* _TASK BRIEF_:
The answer must match the listing exactly, with every line written out again.

* _RECORDED INFORMATION_:
- - -

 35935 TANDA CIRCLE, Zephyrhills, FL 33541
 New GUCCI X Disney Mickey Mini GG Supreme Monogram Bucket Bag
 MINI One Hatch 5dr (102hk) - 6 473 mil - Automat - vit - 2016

- - -

* _ANSWER BELOW_:
 35935 TANDA CIRCLE, Zephyrhills, FL 33541
 New GUCCI X Disney Mickey Mini GG Supreme Monogram Bucket Bag
 MINI One Hatch 5dr (102hk) - 6 473 mil - Automat - vit - 2016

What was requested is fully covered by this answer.